アシェンバッハは予定を切り上げてベニスの滞在を切り上げようとしたが、帰りの行程で荷物が誤った場所へ発送されてしまい、荷物が戻ってくるのに時間がかかるとのことだった。このため、アシェンバッハは、やむを得ずベニスに引き続き滞在することになるが、内心はタジオとの再会に喜んでいたのだった。
アシェンバッハのタジオへの想いは強まっていき、タジオの後ろ姿をベニスの町で追ったり、顔に化粧まで施したりもする。そして、最後、ベニスの海岸で薄い太陽の光をバックにしたタジオの美しい姿に、アシェンバッハは打ち震える。そして、そのまま息絶えてしまう・・・。
映画のテーマが、老年に差し掛かる男性の少年に対する愛と苦悩というややこしいものですが、いやらしさや下品な要素は一切感じさせません。それは、アシェンバッハが芸術家という設定だからのように思われます。芸術と歪んだ愛情というのはしばしば結びつくものなのかもしれません。
それにしても、タジオ役のビヨルン・アンデルセンは正にはまり役としか言いようがありません。本当にギリシア彫刻のような容姿をおり、この作品の説得力を大いに高めています。

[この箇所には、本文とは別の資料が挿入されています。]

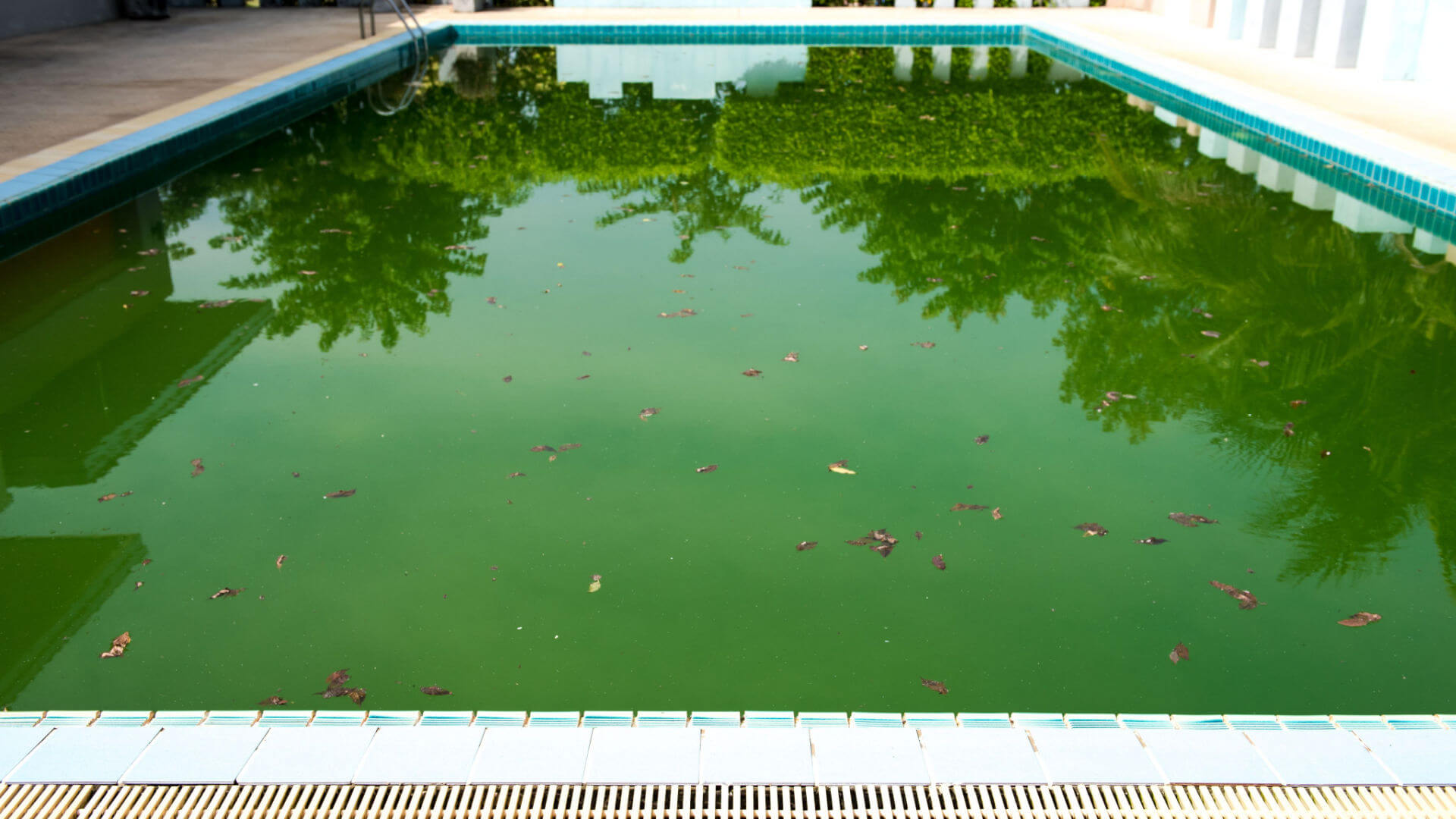 Why Your Pool Gets Dirty So Fast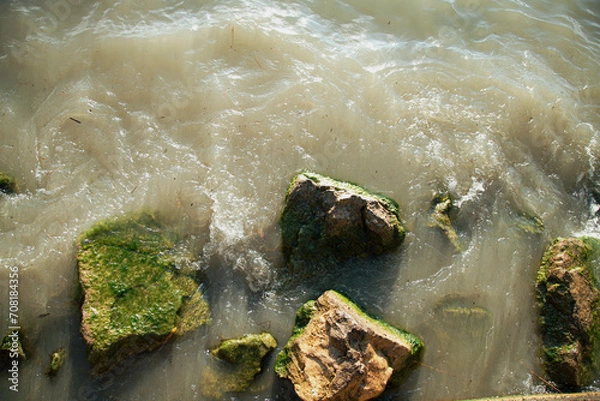 Fototapeta stones covered with a thin layer of green algae in muddy water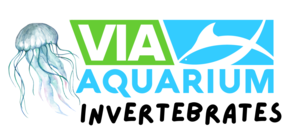 Invertebrates with VIA Aquarium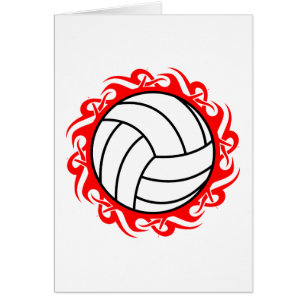 volleybal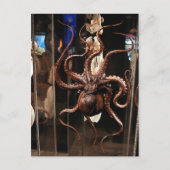 Houston Museum of Natural Science Postcard Briefkaart (Voorkant)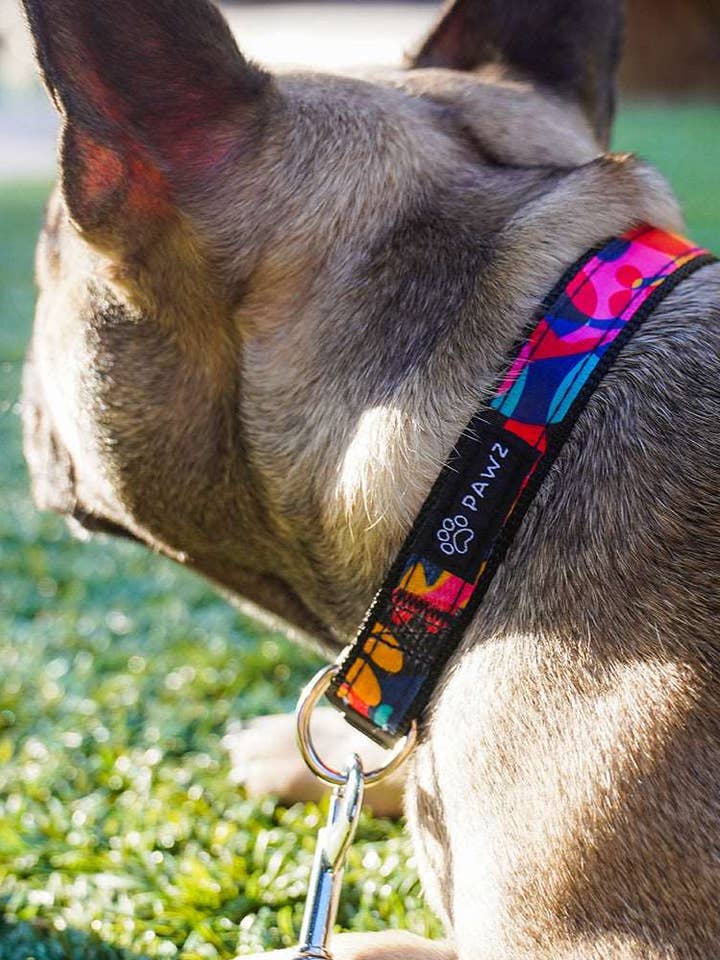 Kaleidoscope Dog Collar & Leash Set for wholesale by PAWZ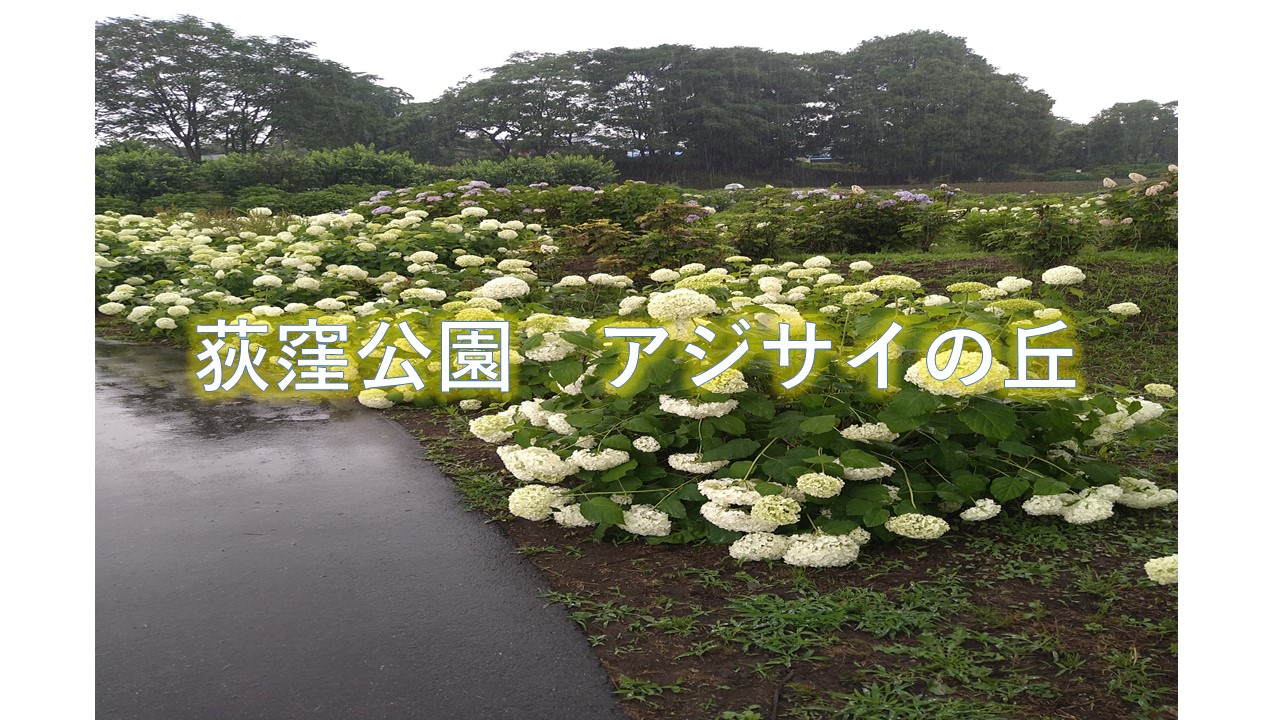 群馬の道の駅 赤城の恵 荻窪公園 アジサイの丘 Kengoのブログ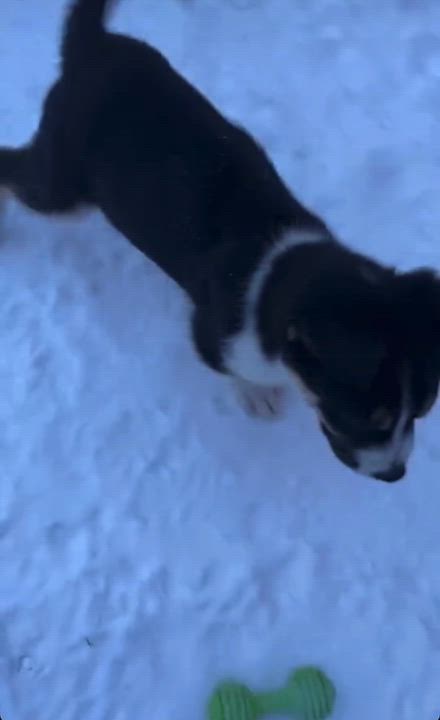 Enlarge Joey, a ADOPTABLE mixed breed in Langley, BC video 3/6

また、ベニスのどんよりとした気候が、この作品にうまくマッチしています。この作品で表現されている美は、あっけらかんとした美ではなく、大いに陰のある美です。だから、太陽が燦々と降り注いでいるシチュエーションではなく、厚い雲に覆われているシチュエーションだからこそ、禁断の愛に捕らわれているアシェンバッハの苦悩がよりうまく表現されているのではないかと思います。
全編を通じて本当に美しい作品です。